Patent Cooperation Treaty Patent Application serial number PCT/US2008/072335, with international filing date of Aug. 6, 2008 (WIPO publication no. WP 2009/021037 A2), is incorporated herein by reference.
Provisional Patent Application Ser. No. 60/954,234, filed 6 Aug. 2007, is incorporated herein by reference.
Not applicable
Not applicable
In deepwater drilling rigs, marine risers extending from a wellhead fixed on the ocean floor have been used to circulate drilling fluid or mud back to a structure or rig. The riser must be large enough in internal diameter to accommodate a drill string or well string that includes the largest bit and drill pipe that will be used in drilling a borehole. During the drilling process drilling fluid or mud fills the riser and wellbore.
It is contemplated that the term drill string or well string as used herein includes a completion string and/or displacement string. It is believed that rotating and/or reciprocating the drill string or well string (e.g., completion string) during the displacement and/or frac processes helps such processes.
There is a need to allow rotation and/or reciprocating during displacement and/or frac jobs while the annular blow out preventor is closed on the drill, completion, and/or displacement string.
The method and apparatus of the present invention solves the problems confronted in the art in a simple and straightforward manner.
One embodiment relates to a method and apparatus for deepwater rigs. In particular, one embodiment relates to a method and apparatus for removing or displacing working fluids in a well bore and riser.
In one embodiment displacement is contemplated in water depths in excess of about 5,000 feet (1,524 meters).
One embodiment provides a method and apparatus having a swivel which can operably and/or detachably connect to an annular blowout preventer thereby separating the fluid into upper and lower sections.
In one embodiment a swivel can be used having a sleeve or housing that is rotatably and sealably connected to a mandrel. The swivel can be incorporated into a drill or well string.
In one embodiment the sleeve or housing can be fluidly sealed to and/or from the mandrel.
In one embodiment the sleeve or housing can be fluidly sealed with respect to the outside environment.
In one embodiment the sealing system between the sleeve or housing and the mandrel is designed to resist fluid infiltration from the exterior of the sleeve or housing to the interior space between the sleeve or housing and the mandrel.
In one embodiment the sealing system between the sleeve or housing and the mandrel has a higher pressure rating for pressures tending to push fluid from the exterior of the sleeve or housing to the interior space between the sleeve or housing and the mandrel than pressures tending to push fluid from the interior space between the sleeve or housing and the mandrel to the exterior of the sleeve or housing.
In one embodiment a swivel having a sleeve or housing and mandrel is used having at least one flange, catch, or upset to restrict longitudinal movement of the sleeve or housing relative to the annular blow out preventer.

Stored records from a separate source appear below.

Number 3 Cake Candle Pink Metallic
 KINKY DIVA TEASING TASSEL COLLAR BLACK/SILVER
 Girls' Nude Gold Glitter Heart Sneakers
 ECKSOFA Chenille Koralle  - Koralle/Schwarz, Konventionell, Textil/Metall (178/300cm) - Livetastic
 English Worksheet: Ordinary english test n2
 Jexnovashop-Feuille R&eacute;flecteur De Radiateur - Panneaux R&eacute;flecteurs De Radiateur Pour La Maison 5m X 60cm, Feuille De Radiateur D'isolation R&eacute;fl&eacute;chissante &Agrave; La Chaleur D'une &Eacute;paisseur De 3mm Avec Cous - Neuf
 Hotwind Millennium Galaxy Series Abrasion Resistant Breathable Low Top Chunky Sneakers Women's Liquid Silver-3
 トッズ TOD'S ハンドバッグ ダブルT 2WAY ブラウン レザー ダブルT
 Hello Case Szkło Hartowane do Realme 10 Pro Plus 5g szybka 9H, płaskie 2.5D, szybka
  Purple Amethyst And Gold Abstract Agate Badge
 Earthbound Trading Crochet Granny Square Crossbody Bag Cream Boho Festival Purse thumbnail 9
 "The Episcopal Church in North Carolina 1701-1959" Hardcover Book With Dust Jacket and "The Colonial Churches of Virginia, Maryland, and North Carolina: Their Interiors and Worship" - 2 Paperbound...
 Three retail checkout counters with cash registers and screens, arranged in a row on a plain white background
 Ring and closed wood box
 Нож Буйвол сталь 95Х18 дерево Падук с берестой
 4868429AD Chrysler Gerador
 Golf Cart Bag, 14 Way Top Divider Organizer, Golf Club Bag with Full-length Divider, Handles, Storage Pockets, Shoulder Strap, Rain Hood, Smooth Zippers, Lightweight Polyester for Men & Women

In one embodiment a plurality of flanges, catches, or upsets are used. In one embodiment the plurality of flanges, catches, or upsets are longitudinally spaced apart with respect to the sleeve or housing.
In one embodiment, at least partly during the time the riser and well bore are separated into two volumetric sections, the drill or well string is reciprocated longitudinally during displacement of fluid. In one embodiment a reciprocation stroke of about 65.5 feet (20 meters) is contemplated. In one embodiment about 20.5 feet (6.25 meters) of the stroke is contemplated for allowing access to the bottom of the well bore. In one embodiment about 35, about 40, about 45, and/or about 50 feet (about 10.67, about 12.19, about 13.72, and/or about 15.24 meters) of the stroke is contemplated for allowing at least one pipe joint-length of stroke during reciprocation. In one embodiment reciprocation is performed up to a speed of about 20 feet per minute (6.1 meters per minute).
In one embodiment, at least partly during the time the riser and well bore are separated into two volumetric sections, the drill or well string is intermittently reciprocated longitudinally during displacement of fluid. In one embodiment the rotational speed is reduced during the time periods that reciprocation is not being performed. In one embodiment the rotational speed is reduced from about 60 revolutions per minute to about 30 revolutions per minute when reciprocation is not being performed.
In one embodiment, at least partly during the time the riser and well bore are separated into two volumetric sections, the drill or well string is continuously reciprocated longitudinally during displacement of fluid.
In one embodiment, at least partly during the time the riser and well bore are separated into two volumetric sections, the drill or well string is reciprocated longitudinally the distance of at least the length of one joint of pipe during displacement of fluid.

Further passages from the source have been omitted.